No feedback was provided to the participant regarding their performance. Prior to the practice period, they were given the instruction that if they realized that they made an error, they should not try to correct it but instead to restart practicing from the beginning of the sequence. All training and testing took place in the scanner with the same apparatus (subsection “Procedures and tasks”). The order of sequence blocks was determined by DeBruijn cycles that allow to counterbalance the temporal successions of conditions across each run (subsection “Procedures and tasks”). Two functional runs were performed and each run contained two repetitions of the DeBruijn counterbalancing and were thus split to get four folds of cross-validation. The “classification performance” or rather pattern discriminability was not contrasted between runs as it was not the scope of the present study, but representational changes could occur for untrained sequences in a subset of regions.

As we’ve now come to realise that the information pertaining to error feedback was not explicitly described in the original manuscript, the following sentences have been added to subsection “Procedures and tasks”: "No feedback was provided to the participant regarding their performance.
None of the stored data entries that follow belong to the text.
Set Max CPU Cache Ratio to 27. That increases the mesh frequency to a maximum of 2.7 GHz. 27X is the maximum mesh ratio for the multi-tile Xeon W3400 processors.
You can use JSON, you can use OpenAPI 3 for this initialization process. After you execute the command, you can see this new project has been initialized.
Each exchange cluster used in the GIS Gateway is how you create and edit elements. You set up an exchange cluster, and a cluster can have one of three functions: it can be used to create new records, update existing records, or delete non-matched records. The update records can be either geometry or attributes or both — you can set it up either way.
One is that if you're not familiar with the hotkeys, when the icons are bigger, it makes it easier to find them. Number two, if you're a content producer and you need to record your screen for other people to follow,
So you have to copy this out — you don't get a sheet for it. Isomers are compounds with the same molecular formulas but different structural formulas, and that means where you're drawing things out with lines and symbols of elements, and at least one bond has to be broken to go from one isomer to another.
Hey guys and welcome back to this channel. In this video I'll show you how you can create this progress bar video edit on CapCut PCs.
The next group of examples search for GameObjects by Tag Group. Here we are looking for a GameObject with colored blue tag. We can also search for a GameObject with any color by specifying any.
Prior to the practice period, they were given instructions that if they realized they made an error, they should not try to correct it but instead restart practicing from the beginning of the sequence."

Additional detail is needed regarding the correction of motion artefact. In subsection “MRI data preprocessing”, the authors state that BOLD signal was further processed by detecting intensity changes corresponding to "large motion". What additional processing was performed? What was considered large motion? Was motion DOFs included in the GLM? Are there differences in motion between sequences and between sequence conditions? More information is needed on the detrending procedure. Is there evidence that detrending worked similarly between the different time windows between spikes? How were spikes identified? What happened to the spikes? In general, what software was used for the imaging analysis? Just PyMVPA?
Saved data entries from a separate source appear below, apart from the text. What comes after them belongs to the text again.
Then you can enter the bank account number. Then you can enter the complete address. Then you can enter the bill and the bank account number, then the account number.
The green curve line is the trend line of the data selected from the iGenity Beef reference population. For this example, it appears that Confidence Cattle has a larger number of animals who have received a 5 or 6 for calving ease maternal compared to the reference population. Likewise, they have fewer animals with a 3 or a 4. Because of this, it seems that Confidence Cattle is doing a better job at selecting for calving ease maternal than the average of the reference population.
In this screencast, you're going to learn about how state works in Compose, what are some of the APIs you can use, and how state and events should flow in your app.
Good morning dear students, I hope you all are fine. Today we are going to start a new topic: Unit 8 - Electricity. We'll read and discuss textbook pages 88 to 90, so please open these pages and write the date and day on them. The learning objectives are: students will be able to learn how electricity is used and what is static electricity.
We agree that the manuscript would benefit from a more detailed account of the motion artefact correction.

The motion artifact removal was performed independently from the GLM regression. A detrending approach designed to avoid introducing long-range temporal correlation that are detrimental to cross-validation was adopted. The description of the detrending procedure was extended with the following sentence (subsection “MRI data preprocessing”):

"To do so, the whole-brain average absolute value of the BOLD signal derivative was computed and used as a measure to detect widespread signal changes due to large motion. We proceeded by recursively detecting the time corresponding to the largest global signal change to separate the run data, then detected the second largest change, etc. Once the run data was chunked into periods of stable position constrained to be at least 32 sec. long, we performed detrending in each chunk separately and concatenated the chunk back together. The rationale behind this procedure is that large movements change the pattern of voxelwise signal trend, and detrending or regression of movement parameters across the whole run can thus induce spurious temporal auto-correlation in presence of baseline shift. This step was implemented using Python and PyMVPA."
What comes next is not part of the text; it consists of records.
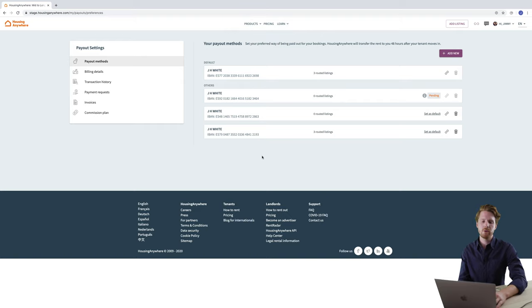It's also important to bear in mind that whenever you add a new listing to your account it will automatically be assigned to the default payout method. As you can see the listing payout routing feature allows you to assign the payout of payments from different listings that you have in your portfolio to different payout methods or bank accounts. That gives you greater flexibility when managing your rental processes and income reporting.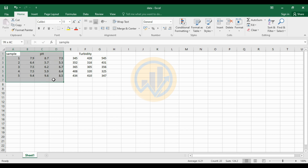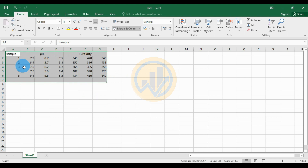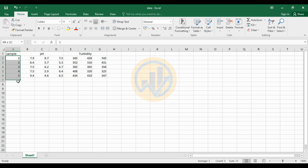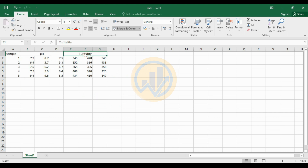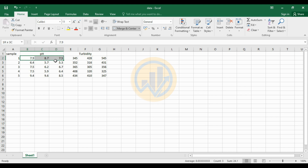This is the dataset for the double Y-axis bar graph with standard deviation. We take 5 samples in 2 groups. The first group is pH and the second one is turbidity. Each group has 3 times replication across 5 samples.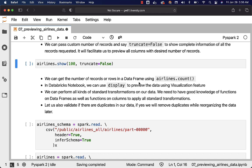In Databricks notebook we can use display to preview the data using visualization feature of Databricks. We can perform all kinds of standard transformations on our data. We need to have good knowledge of functions on data frames as well as functions on columns to apply all standard transformations. We will go through those details as part of the subsequent topics in this section and also subsequent sections.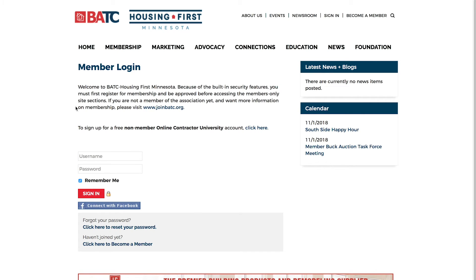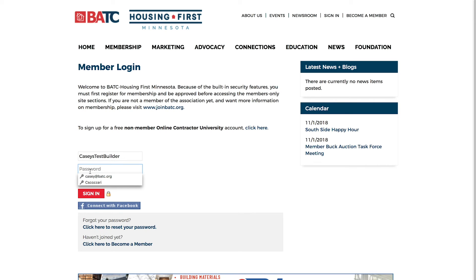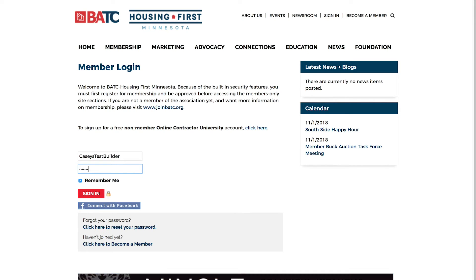It'll ask you to log in using your username and password for the company. If you don't know this information, contact us and we can help you. Go ahead and click sign in.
The description of the analysis in subsection “Reorganization of the distributed sequence representation after memory consolidation” should be reworded. Is this describing how you analyze the difference in the consolidated and novel sequence discriminability maps? But how is this a conjunction? A conjunction reflects the overlap between 2 contrasts, and in this case what we are looking at is a difference. Related to this, there are different types of conjunctions. Please provide more details, as conjunctions can inflate significance. What software was used and how were the thresholds set for the conjunction?

We agree with the reviewers that this sentence would benefit from a clarification. The contrast map was thresholded by the union of two conjunctions

((Consolidate>New)∩(Consolidated>0))∪((New>Consolidated)∩(New>0)). Each of these subtests was performed on the p-value resulting from non-parametric permutation testing with p-values thresholded at.05. As we are using logical conjunctions or minimum statistics, no inflation is expected. The permutation testing was implemented in Python.

We rephrased it as such (subsection “Reorganization of the distributed sequence representation after memory consolidation”): "The resulting map thus represents the subset of voxels that fulfill the union of two logical conjunctions (Consolidated>New)∩(Consolidated>0))∪((New>Consolidated)∩(New>0)) with each sub-test being assessed by thresholding the p-value of individual non-parametric permutation tests."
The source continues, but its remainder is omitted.